◆ WHAT YOU NEED TO DO: Work out how many lines in the records include the word "Chapter", then answer with nothing but that number.

^^^^^^^^

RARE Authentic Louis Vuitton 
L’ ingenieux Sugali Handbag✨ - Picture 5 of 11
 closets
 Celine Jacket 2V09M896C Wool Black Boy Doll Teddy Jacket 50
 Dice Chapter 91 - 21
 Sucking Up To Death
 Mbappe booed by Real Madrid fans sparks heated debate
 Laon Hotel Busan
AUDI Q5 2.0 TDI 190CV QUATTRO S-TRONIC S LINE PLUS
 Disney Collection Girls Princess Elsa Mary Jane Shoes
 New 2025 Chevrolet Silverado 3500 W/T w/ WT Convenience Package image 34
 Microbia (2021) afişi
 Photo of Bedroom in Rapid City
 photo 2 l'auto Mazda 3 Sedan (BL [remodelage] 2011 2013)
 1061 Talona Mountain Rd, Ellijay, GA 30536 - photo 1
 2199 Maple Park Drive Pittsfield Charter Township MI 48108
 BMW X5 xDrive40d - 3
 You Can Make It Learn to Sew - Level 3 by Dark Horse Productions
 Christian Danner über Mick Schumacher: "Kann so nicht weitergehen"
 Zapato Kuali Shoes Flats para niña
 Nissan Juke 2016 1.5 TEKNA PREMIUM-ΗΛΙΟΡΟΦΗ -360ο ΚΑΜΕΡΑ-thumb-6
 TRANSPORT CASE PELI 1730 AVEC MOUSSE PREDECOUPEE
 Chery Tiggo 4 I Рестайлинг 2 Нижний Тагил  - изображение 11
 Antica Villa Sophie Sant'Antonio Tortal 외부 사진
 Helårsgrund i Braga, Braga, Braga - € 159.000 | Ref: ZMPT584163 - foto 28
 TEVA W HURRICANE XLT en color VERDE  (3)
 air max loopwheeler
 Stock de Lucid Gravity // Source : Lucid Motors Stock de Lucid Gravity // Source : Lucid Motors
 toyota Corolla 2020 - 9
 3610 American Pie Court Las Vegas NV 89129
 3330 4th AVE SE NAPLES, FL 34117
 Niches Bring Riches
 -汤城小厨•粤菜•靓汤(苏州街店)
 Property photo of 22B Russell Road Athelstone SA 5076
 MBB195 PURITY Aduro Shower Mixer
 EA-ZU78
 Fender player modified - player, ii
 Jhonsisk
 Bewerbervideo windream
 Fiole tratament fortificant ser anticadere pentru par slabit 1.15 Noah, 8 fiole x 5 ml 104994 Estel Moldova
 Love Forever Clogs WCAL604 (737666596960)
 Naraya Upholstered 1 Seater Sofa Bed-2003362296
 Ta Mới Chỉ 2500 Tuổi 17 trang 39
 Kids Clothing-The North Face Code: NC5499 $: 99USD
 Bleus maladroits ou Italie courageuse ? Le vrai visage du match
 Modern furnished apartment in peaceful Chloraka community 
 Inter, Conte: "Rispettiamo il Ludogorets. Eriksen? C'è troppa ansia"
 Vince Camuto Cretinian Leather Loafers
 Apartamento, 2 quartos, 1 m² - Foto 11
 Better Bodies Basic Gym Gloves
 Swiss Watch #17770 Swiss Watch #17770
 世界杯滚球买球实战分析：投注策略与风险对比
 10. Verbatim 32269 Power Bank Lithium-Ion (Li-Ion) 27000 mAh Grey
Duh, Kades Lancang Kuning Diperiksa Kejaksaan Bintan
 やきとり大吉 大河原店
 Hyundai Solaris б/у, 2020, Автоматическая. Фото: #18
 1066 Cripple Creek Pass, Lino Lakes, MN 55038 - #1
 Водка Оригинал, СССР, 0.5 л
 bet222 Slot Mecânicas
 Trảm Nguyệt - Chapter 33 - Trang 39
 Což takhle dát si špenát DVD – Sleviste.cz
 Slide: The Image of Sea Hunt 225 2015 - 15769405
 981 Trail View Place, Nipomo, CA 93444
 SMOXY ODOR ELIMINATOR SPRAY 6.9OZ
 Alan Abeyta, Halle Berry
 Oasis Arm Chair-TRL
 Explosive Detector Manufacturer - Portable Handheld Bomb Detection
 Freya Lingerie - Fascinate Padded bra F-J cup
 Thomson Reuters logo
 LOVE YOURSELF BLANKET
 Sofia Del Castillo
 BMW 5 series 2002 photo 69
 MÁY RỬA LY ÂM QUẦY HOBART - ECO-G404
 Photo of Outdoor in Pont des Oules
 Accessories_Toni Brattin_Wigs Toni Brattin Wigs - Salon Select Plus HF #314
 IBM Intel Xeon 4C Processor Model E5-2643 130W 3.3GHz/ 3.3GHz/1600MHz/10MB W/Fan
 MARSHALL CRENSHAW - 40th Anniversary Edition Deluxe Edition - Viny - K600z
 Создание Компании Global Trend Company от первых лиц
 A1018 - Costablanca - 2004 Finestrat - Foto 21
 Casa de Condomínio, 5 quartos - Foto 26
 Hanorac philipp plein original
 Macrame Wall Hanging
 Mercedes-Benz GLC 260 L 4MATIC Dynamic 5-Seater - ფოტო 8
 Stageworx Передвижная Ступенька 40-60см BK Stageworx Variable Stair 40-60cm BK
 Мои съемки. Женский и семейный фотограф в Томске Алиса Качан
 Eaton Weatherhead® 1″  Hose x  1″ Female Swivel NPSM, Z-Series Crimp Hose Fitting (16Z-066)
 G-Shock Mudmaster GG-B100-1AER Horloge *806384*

^^^^^^^^

◆ WRITTEN ANSWER: 2